Australian and New Zealand troops on Gallipoli in 1915 probably ate nothing resembling today's Anzac biscuit, that delicious combination of rolled oats, golden syrup, sugar, flour, desiccated coconut and melted butter. (They had to make do with the dreaded hard-tack "tiles" in their ration-packs.)
Until now, the first Australian-published recipe for a recognisable "Anzac Biscuit" was credited to a 1923 edition of Mrs H W Shaw's Six Hundred Tested Recipes.
However, by picking through the National Library of Australia's Trove website - which contains digitised records of many Australian newspapers - AAP has found Melbourne's Argus newspaper printed a recipe for "Anzac Biscuits" on July 6, 1921.
The recipe, supplied by a reader identified only as "Caulfield", reads:
Two breakfast-cupfuls John Bull oats, half-cupful sugar, one scant cupful plain flour, half-cupful melted butter. Mix one tablespoonful of golden syrup, 2 tablespoonfuls boiling water, and one teaspoonful of soda till they froth; then add the melted butter. Mix in dry ingredients, and drop in spoonfuls on a floured tray. Bake in a slow oven.
The recipe has the right name, ingredients and method to stake a claim as the earliest recorded true "Anzac Biscuit" recipe. (Desiccated coconut does not seem to have been included in any version until 1927.)
However, Dr Helen Leach, emeritus professor of anthropology at the University of Otago and the recognised authority on the Anzac biscuit, sounds a sobering note.
She points to a remarkably similar recipe - for "Anzac Crispies" - that was published in New Zealand in 1919 in the eighth edition of the St Andrew's Cookery Book.
Its ingredient quantities are double those of the newly-found Australian recipe, which makes Leach think "they're clearly related".
"I would say that yours may not be a copy of mine, but they may have the same ancestor."
Leach says feelings were "running so high" after the 1915 Gallipoli landing that Red Cross women on fund-raising stalls back in New Zealand probably changed the name of the already existing "rolled oat crispies" to boost sales.
"It's pretty clear that they just popped the name across, changed it to 'Anzac'," she says.
Leach does not shrink from controversy.

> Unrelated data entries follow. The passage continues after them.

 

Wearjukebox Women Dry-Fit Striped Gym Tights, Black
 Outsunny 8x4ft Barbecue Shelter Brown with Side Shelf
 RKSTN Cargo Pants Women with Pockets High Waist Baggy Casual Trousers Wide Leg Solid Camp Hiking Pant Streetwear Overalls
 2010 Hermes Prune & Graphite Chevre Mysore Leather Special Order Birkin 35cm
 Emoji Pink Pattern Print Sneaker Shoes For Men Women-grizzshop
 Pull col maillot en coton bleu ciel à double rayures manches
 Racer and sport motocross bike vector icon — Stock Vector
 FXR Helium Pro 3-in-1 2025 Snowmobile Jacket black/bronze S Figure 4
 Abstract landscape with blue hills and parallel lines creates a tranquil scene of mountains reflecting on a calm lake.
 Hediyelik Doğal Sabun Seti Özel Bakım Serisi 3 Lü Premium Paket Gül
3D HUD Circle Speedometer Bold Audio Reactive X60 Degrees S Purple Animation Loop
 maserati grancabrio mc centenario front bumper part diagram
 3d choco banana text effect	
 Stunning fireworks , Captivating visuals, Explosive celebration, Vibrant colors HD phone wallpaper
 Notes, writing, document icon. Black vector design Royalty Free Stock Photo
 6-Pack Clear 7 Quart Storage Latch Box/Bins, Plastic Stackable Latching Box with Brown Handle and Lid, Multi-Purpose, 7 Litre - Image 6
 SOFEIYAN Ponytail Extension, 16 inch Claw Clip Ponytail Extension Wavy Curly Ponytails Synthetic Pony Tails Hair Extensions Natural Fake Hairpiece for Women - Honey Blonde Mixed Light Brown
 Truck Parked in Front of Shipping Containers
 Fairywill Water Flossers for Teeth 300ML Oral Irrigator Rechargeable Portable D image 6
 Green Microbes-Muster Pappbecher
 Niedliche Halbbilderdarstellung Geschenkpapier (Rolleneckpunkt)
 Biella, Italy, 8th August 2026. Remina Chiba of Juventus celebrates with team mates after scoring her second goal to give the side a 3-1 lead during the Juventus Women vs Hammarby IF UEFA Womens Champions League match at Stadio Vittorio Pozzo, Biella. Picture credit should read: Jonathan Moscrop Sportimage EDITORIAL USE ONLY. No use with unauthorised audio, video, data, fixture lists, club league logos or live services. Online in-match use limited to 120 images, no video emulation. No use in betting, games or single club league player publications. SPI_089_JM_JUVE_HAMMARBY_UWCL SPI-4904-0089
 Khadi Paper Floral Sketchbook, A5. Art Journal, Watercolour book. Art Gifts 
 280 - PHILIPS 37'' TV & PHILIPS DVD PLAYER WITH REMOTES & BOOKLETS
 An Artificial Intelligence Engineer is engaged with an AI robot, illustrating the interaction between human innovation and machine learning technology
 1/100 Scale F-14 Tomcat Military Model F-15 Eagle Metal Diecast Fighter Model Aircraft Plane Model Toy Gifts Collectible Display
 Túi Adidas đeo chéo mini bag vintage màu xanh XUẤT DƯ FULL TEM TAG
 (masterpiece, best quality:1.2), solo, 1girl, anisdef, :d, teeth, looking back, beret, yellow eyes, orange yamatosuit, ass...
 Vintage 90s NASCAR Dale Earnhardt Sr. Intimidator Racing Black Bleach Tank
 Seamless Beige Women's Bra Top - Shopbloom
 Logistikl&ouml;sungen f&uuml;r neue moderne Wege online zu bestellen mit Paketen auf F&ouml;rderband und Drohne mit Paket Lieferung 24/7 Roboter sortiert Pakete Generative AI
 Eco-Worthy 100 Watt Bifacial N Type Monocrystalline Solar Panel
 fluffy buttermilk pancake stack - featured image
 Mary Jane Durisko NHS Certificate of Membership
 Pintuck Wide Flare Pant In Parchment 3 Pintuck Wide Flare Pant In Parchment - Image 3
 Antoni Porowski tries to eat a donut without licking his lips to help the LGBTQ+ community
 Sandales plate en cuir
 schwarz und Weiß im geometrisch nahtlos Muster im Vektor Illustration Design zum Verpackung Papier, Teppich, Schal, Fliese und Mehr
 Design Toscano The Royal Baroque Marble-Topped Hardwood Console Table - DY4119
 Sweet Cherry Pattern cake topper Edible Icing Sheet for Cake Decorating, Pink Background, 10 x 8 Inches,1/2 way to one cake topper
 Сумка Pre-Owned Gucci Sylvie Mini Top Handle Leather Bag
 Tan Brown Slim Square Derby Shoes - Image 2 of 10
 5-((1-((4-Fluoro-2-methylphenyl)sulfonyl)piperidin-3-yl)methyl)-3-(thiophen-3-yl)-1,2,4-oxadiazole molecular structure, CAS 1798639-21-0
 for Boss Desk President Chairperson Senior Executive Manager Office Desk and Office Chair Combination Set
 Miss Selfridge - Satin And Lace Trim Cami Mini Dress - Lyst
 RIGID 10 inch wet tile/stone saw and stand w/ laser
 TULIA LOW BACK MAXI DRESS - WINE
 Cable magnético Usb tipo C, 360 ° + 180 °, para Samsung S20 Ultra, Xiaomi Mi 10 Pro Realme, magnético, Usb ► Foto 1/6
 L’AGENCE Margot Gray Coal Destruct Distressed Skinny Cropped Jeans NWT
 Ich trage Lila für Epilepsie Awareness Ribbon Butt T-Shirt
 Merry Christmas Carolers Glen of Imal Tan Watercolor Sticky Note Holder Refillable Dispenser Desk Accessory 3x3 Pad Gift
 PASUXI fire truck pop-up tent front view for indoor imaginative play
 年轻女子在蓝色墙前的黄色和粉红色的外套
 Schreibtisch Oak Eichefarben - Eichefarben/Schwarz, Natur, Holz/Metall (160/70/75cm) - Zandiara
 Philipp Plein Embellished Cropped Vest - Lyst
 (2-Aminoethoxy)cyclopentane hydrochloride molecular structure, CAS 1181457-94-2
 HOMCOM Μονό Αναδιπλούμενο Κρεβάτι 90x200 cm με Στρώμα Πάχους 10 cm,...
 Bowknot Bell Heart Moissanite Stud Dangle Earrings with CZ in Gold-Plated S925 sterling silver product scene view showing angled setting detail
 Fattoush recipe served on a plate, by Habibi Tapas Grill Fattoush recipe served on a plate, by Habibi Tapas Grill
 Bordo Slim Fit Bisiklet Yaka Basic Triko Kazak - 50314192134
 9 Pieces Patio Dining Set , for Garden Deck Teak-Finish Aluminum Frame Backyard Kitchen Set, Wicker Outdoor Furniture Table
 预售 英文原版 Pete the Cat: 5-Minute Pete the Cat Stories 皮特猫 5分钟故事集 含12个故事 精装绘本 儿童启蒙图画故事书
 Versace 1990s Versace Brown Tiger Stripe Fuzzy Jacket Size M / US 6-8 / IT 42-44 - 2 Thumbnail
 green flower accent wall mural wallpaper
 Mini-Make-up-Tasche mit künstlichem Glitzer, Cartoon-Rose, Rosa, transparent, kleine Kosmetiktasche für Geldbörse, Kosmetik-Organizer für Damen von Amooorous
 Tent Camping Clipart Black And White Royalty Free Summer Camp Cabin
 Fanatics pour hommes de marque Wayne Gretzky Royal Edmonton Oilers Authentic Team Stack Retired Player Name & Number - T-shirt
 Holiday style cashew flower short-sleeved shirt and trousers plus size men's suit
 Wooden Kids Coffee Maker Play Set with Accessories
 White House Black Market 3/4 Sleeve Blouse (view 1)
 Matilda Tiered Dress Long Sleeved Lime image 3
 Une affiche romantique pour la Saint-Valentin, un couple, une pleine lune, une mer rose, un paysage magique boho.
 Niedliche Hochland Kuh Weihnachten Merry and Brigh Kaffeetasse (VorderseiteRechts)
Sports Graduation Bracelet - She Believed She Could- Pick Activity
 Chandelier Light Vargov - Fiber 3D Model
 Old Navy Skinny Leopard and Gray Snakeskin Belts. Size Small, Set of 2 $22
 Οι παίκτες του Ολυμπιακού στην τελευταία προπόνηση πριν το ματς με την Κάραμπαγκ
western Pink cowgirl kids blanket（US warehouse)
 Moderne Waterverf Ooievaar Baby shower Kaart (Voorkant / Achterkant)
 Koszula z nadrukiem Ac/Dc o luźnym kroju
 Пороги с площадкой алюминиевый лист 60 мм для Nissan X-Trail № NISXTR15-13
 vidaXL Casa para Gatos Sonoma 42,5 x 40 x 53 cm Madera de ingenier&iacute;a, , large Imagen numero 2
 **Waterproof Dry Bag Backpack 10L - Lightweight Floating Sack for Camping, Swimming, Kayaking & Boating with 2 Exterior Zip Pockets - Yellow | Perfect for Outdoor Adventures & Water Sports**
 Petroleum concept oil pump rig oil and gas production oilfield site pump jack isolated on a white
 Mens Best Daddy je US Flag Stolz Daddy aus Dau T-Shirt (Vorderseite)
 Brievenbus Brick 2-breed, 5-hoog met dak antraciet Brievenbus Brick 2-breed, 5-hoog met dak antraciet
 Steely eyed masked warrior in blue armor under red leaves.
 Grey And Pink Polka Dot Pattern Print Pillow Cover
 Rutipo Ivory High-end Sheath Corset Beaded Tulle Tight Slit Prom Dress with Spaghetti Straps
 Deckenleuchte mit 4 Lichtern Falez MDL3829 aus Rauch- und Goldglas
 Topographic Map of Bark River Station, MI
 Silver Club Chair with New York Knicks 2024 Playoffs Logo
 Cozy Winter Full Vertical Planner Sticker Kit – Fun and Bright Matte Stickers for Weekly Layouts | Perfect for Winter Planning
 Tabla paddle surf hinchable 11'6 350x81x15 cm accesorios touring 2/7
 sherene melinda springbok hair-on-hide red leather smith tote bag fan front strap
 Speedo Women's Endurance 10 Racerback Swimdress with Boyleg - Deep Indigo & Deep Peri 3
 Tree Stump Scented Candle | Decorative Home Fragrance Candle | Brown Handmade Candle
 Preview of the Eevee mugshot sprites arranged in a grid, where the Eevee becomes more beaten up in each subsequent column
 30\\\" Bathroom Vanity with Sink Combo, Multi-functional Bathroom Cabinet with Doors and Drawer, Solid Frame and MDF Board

Her 2008 book, The Pavlova Story, took on the fraught provenance of the pav.
The history of any recipe is difficult to pin down, Leach says: "You have concepts and people play around with their ingredients, their method to some extent, but also their names."
She expects that, as more old newspapers become available online, the Anzac biscuit's story will continue to evolve.